“Money isn’t like a car that can sit idle in a garage. It’s like a horse that has to eat every day.”
– EDOARDO NOTTOLA
Truth, and its elusiveness, is a theme that director Francesco Rosi has explored throughout his career, identifying it as a feature peculiar to Italian society. Having explored a murky period of Sicilian history surrounding the mythic figure of the separatist cum bandit SALVATORE GIULIANO (1962), Rosi focused his enquiring gaze on the speculative land boom of his native Naples for his next feature, HANDS OVER THE CITY.
Drawing inspiration from a real life incident, Rosi and co-screenwriter Raffaele La Capria unfurl a web of political corruption in Naples. It centres on a lethal building collapse, involving a construction firm owned by an ambitious councilman, Edoardo Nottola (a bullish Rod Steiger). With a city-wide election looming, an official investigation is instigated into the accident, and the machinations of council members as well as the web of complicity between politics and commerce are laid bare.
Described by the filmmaker and academic Jean-Pierre Gorin as a “cinema of consciousness”, passive souls need not apply, as Rosi expects of his audience engagement and reflection upon what they see and hear.
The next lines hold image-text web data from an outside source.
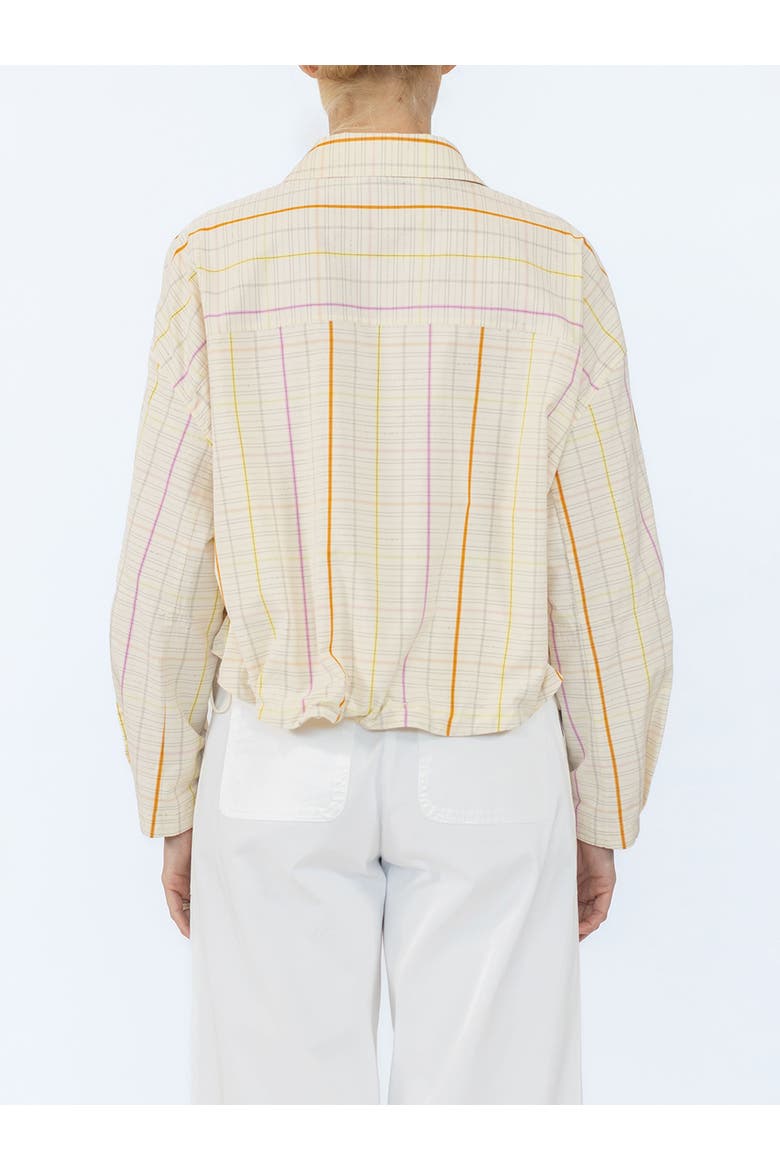 Lille Blouson hem shirt, Alternate, color, Nat/Pink/Yellow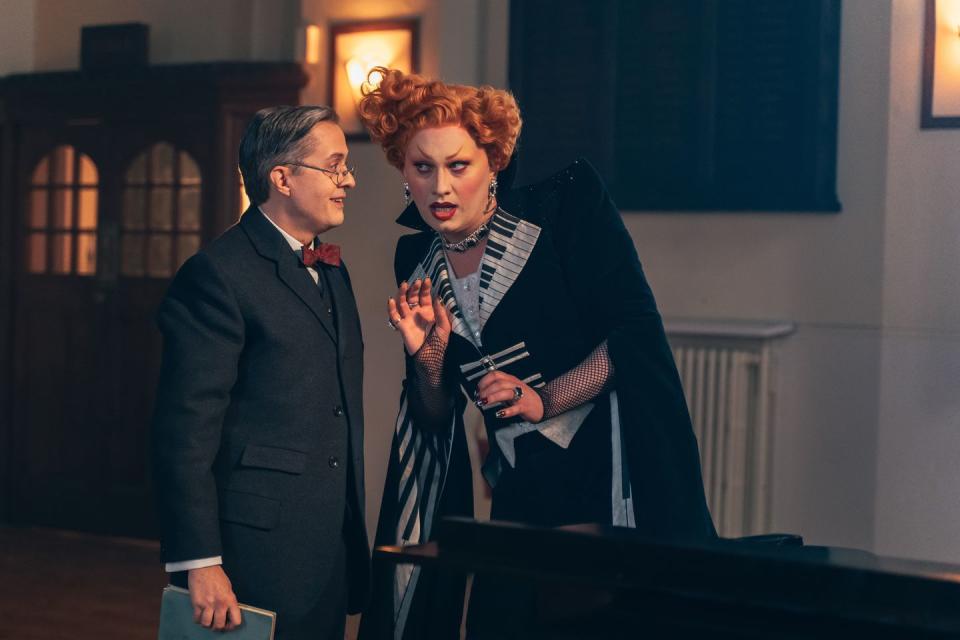 jeremy limb as timothy drake, jinkx monsoon as maestro, doctor who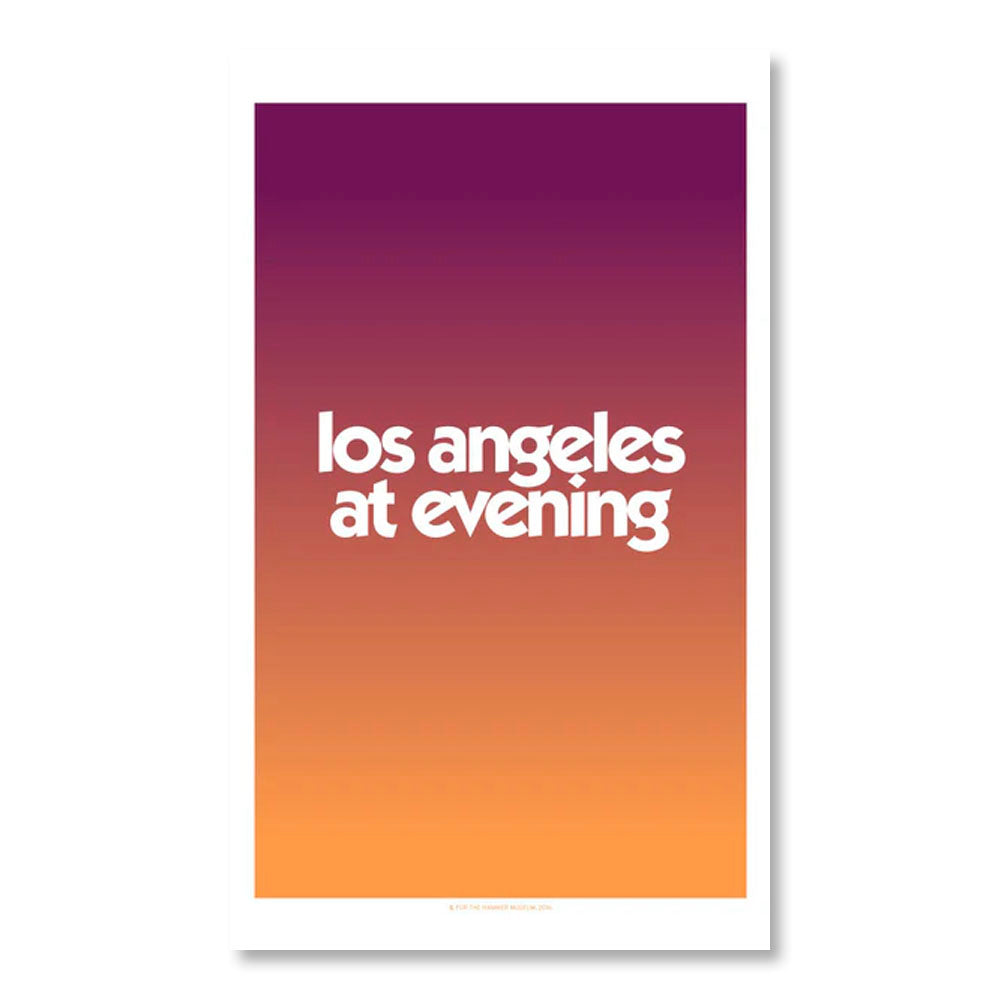 "Los Angeles At" Print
His aim is not that of mere political hectoring, nor is it a simplistic portrayal of good and evil: it is an investigation into the apparatus that creates and sustains figures such as the self-serving Nottola, whose hands spread far and wide over a city.
… the camera hovers over the luxury high rise buildings, symbolising the illusion of a new future …
Typically observing from upon high and from various perspectives, the camera hovers over the luxury high rise buildings, symbolising the illusion of a new future. Meanwhile, in the corridors of power, councilmen – many of whom are non-professionals drawn from the political arena – cajole and conspire among one another, to determine the precarious fate of the city and its many inhabitants who are mere fodder in the ascent of capitalism.
Occupying an area between drama and documentary and to excellent effect, HANDS OVER THE CITY is as vital, resonant and powerful today almost fifty years after its Golden Lion award at Venice.
httpvh://www.youtube.com/watch?v=hscr2HeSqNQ
I am a big fan of Jean Pierre Gorin. Why is he showing up in the tag here? How did he help with this movie?
Hi Arcbonita! If you buy the Criterion Collection DVD you can enjoy an excellent interview with Gorin, which Mark quotes in the review – Gorin described Rosi’s work as “a cinema of consciousness”.